TJ is a top-notch instructor and his facility/ ranges are some of the best on the civilian side for Texas. He also holds a lot of long-range matches and 3 guns. I highly recommend his training.

http://www.combatshootingandtactics.com/

Paul is a former CAG operator and one of the leading instructors for most of the LEA(s) in hostage rescue and SWAT related training, he is one of the best firearms instructors in the nation.

http://www.riflesonly.com/

The best long-range facility in Texas if not the nation, I don’t know much about the training. However they hold a lot of sniper/ long range matches. 

http://www.badlandstactical.net/

Another great long-range or sniper training facility owned and operated by former NGB (MTU) sniper instructor(s).

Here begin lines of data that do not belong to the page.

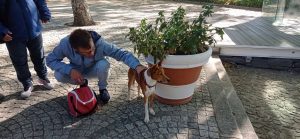 Clientes do CAARPD fazem atividades ao ar livre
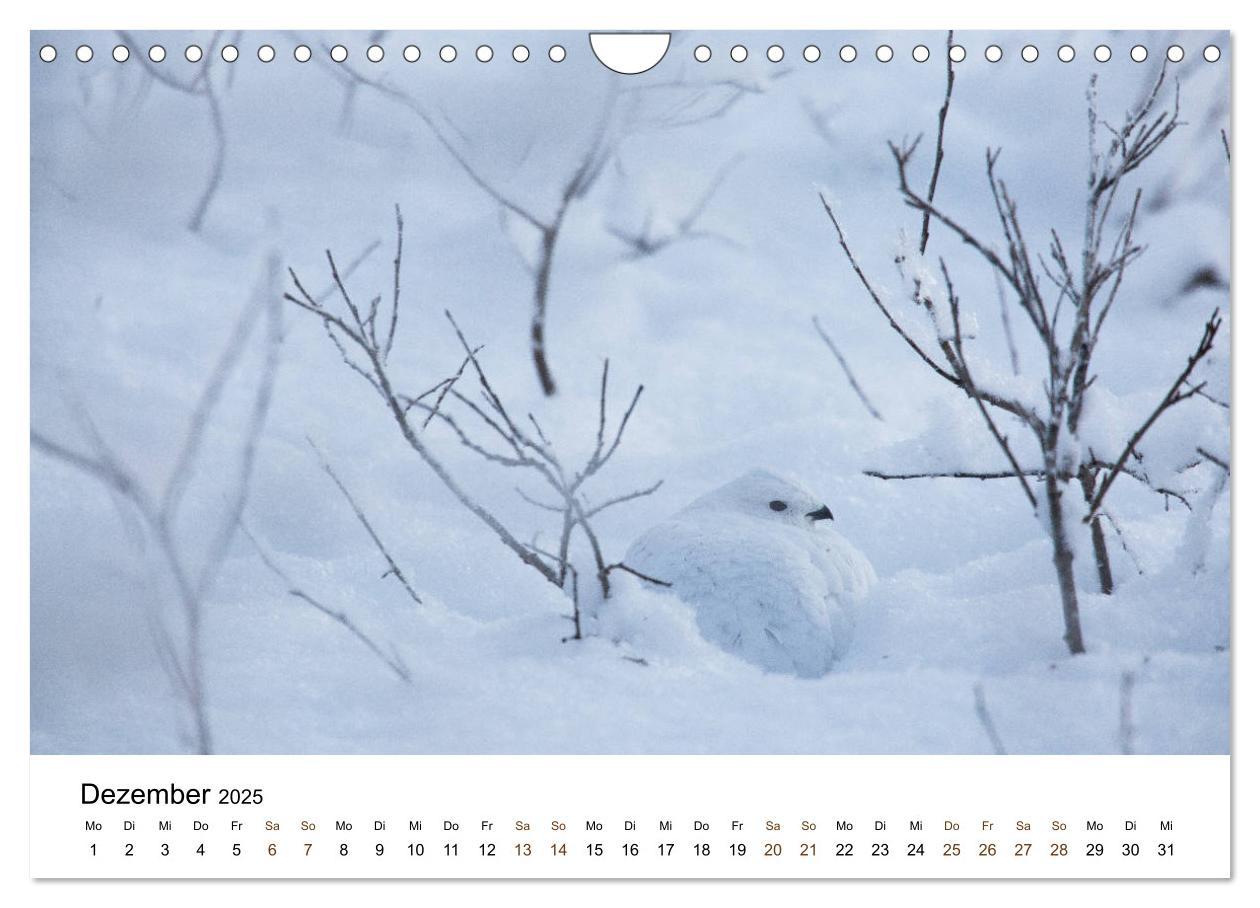 Bild: 9783435354986 | Finnland: eine tierische Entdeckungsreise (Wandkalender 2025 DIN A4...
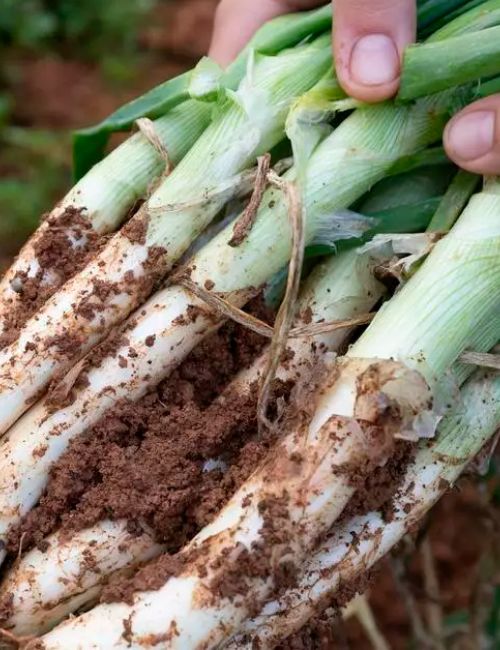 Eivissa obre les seves finques ecològiques al públic per promoure el producte local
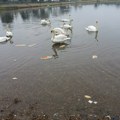 Iz komunalnog preduzeća apeluju: "Ne hranite labudove hlebom, to im ugrožava zdravlje"; evo detaljnog objašnjenja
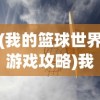 (我的篮球世界游戏攻略)我的篮球世界游戏，探索篮球魅力的独特乐园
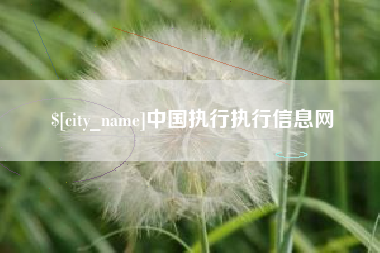 武汉中国执行执行信息网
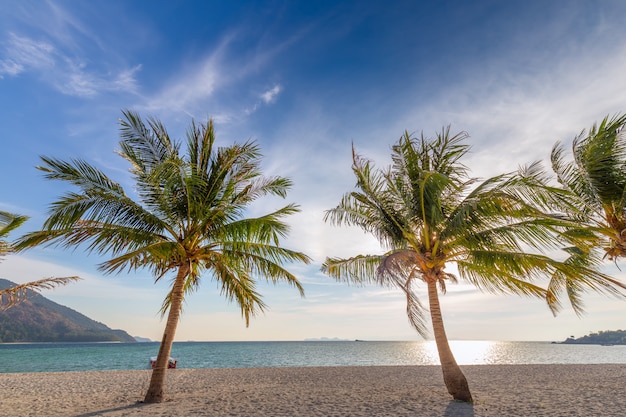 Alberi del cocco sulla spiaggia sabbiosa e sul cielo blu bianchi nel sud della Tailandia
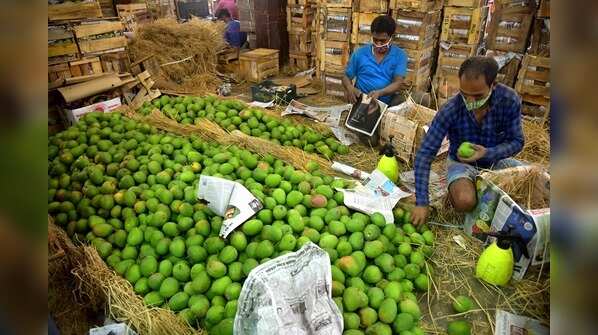 Alphanso mangoes price hiked!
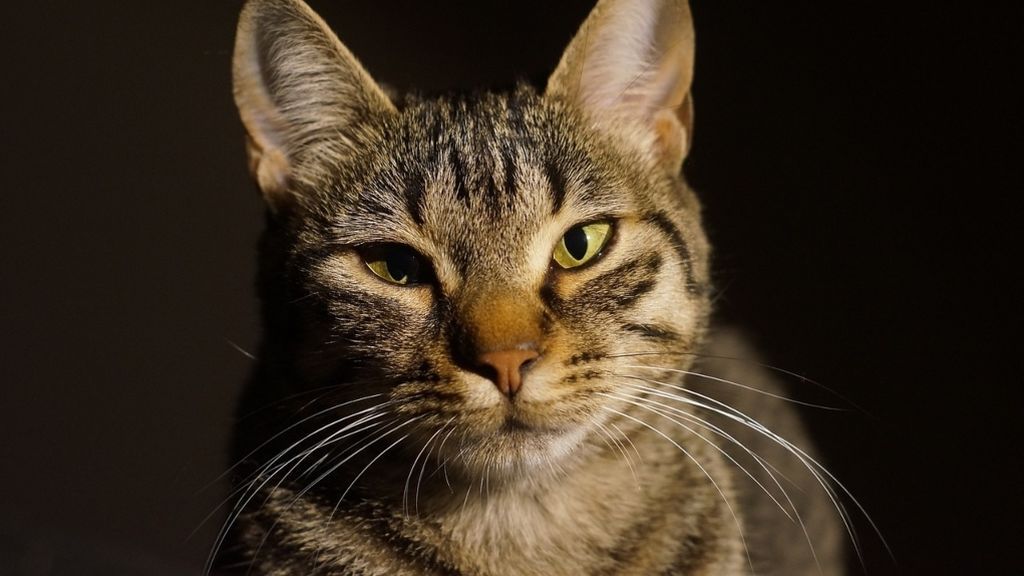 La explicación de un experto a por qué los gatos parpadean lento frente a sus dueños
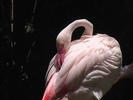 Flamant rose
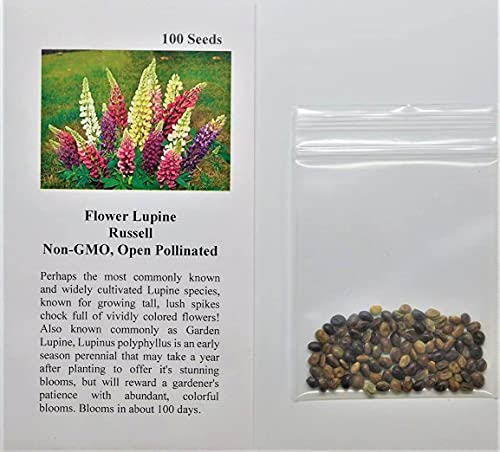 Flower Lupine Russell Fba-5544 (Multi) 100 Non-Gmo, Heirloom Seeds #TOP1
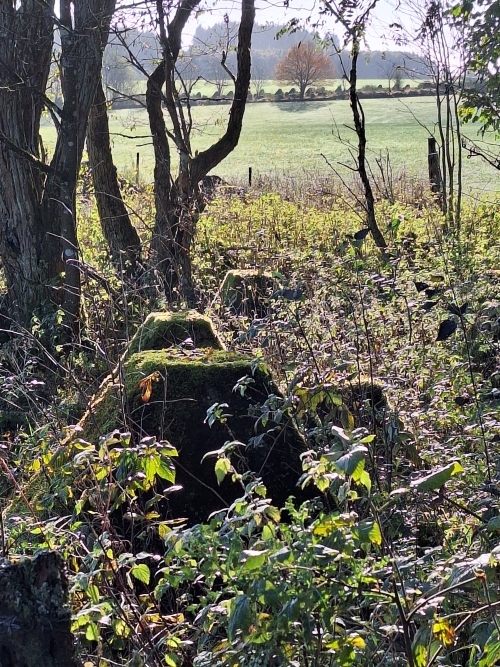 Westwall - Tankversperring Hollerath #5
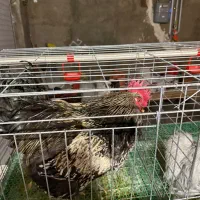 خروس نژاد آیسبار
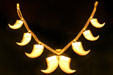 Set of tiger claws in necklace which belonged to Eleanor Roosevelt. Hyde Park, NY.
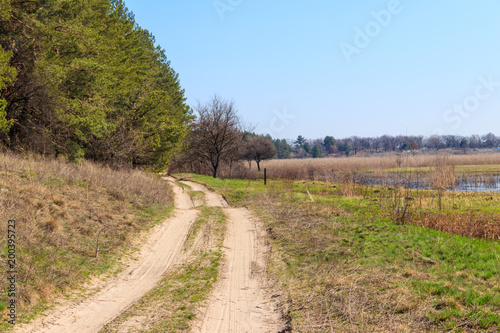 Dirt road near the pine trees on a sunny day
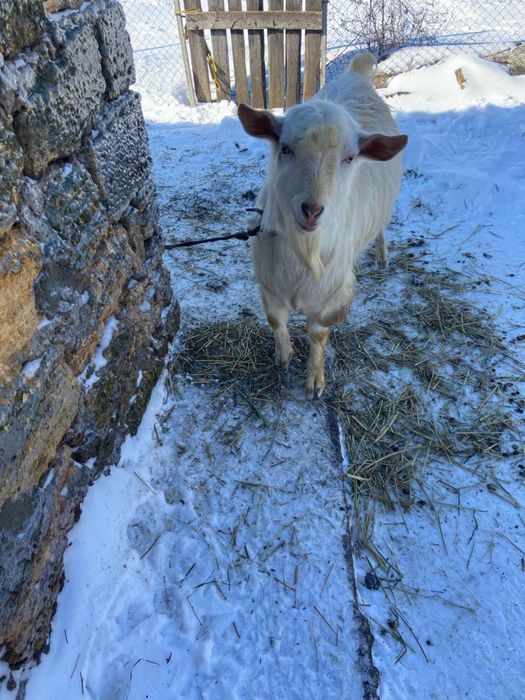 Продам козликов, срочно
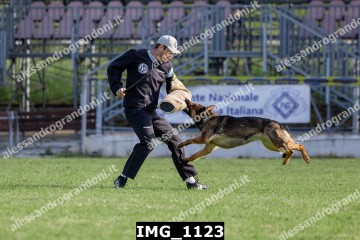IMG_1123.jpg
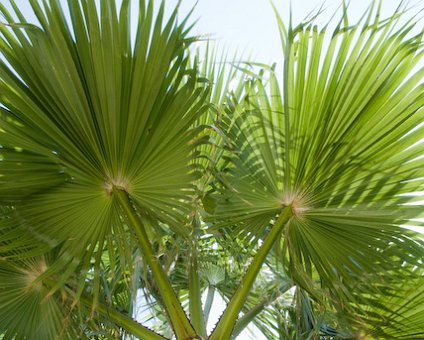 _DSC0073 Palm tree by the beach.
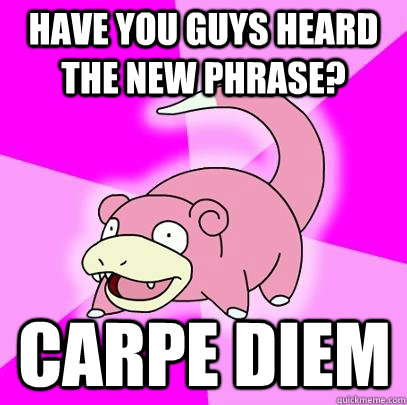 Have you guys heard the new phrase? carpe diem  - Have you guys heard the new phrase? carpe diem   Slowpoke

They also hold several matches through out the year.


----------



## 8'Duece (Mar 13, 2009)

Add Spartan Tactical to that list.  Jim Smith was also SF and Delta. www.spartantactical.com  Alot of the same instruction that you'll find with Paul Howe and Larry Vickers.  Prices for courses a bit lower though.


----------



## Cabbage Head (Mar 14, 2009)

Been to one of the CSAT classes.  He is a great trainer and his explanations "make sense".  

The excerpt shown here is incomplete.